Asked why Eskom did not look for out-of-the-way places to build its reactors, De Villiers said that would raise the costs of infrastructure, including overhead lines.

"The next reactor we build, if it goes ahead, will be at Koeberg," she said, referring to a plan to build a pebble bed modular reactor beside the existing nuclear power station at Koeberg.

Earthlife Africa has objected to the pebble bed reactor and is waiting for Minister of Environmental Affairs and Tourism Marthinus van Schalkwyk to make a decision on whether the project can go ahead.

It was approved by the director general in the Department of Environmental Affairs and Tourism in June last year, but Earthlife Africa objected. Van Schalkwyk's spokes-man Riaan Aucamp said the minister had not made his decision yet.

Earthlife Africa has also launched a legal challenge to the director general's decision on the grounds that nuclear energy is neither safe nor economical and because the process of approving the reactor was flawed.

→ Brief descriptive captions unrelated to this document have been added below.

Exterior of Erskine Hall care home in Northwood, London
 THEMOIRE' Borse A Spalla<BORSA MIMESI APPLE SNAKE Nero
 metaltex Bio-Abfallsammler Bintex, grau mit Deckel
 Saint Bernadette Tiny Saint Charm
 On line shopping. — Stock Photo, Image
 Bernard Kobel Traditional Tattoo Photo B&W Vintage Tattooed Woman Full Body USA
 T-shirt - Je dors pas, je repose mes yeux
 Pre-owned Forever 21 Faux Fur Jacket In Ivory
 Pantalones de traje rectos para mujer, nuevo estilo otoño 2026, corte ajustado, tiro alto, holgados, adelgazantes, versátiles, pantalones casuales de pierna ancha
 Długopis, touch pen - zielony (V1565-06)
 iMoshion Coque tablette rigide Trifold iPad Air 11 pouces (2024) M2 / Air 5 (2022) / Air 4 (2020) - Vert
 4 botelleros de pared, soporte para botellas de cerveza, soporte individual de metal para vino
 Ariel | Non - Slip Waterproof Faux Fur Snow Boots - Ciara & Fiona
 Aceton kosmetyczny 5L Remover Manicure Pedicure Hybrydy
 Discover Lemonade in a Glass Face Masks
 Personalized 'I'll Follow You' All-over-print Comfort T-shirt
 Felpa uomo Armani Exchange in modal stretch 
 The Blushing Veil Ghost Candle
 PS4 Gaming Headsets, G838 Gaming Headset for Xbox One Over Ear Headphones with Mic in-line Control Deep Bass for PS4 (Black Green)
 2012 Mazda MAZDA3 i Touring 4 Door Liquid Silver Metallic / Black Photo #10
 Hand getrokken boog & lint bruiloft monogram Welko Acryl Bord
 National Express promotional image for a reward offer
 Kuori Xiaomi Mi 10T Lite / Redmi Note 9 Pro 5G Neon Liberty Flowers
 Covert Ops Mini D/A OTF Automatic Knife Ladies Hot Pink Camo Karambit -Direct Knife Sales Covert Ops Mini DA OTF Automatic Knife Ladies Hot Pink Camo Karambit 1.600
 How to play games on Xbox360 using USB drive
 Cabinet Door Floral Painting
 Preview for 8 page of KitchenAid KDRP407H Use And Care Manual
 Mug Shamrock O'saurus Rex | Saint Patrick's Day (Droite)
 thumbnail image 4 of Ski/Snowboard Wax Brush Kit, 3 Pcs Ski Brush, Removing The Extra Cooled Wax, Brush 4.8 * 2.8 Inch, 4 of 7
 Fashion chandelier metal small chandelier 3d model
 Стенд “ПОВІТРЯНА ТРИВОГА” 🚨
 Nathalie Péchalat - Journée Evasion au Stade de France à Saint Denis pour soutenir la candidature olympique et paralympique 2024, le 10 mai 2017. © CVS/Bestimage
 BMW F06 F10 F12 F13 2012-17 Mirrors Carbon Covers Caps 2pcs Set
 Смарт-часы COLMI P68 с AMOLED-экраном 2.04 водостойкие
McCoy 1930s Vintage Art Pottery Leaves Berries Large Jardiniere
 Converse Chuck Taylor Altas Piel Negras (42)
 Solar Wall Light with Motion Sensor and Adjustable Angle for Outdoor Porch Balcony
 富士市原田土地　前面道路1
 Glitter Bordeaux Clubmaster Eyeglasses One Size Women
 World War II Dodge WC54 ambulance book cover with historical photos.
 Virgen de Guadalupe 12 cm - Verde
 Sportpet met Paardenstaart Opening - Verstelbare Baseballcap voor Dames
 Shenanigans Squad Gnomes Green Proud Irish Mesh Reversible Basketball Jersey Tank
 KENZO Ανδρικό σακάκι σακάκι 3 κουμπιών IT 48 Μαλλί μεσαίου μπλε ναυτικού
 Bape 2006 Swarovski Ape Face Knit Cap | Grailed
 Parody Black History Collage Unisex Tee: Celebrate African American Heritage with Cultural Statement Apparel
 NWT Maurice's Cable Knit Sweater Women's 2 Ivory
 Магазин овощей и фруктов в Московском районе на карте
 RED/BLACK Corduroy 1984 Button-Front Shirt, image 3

McDade said Earthlife Africa's objections would be heard in the Cape High Court on November 29.

Earthlife Africa does not believe that South Africa needs nuclear power. "We need to use what we have more efficiently and find alternative energy sources.

Nuclear power is always linked to the military and you only have to consider this latest investigation into a nuclear smuggling network to see that South Africa's nuclear history is catching up with it," McDade said.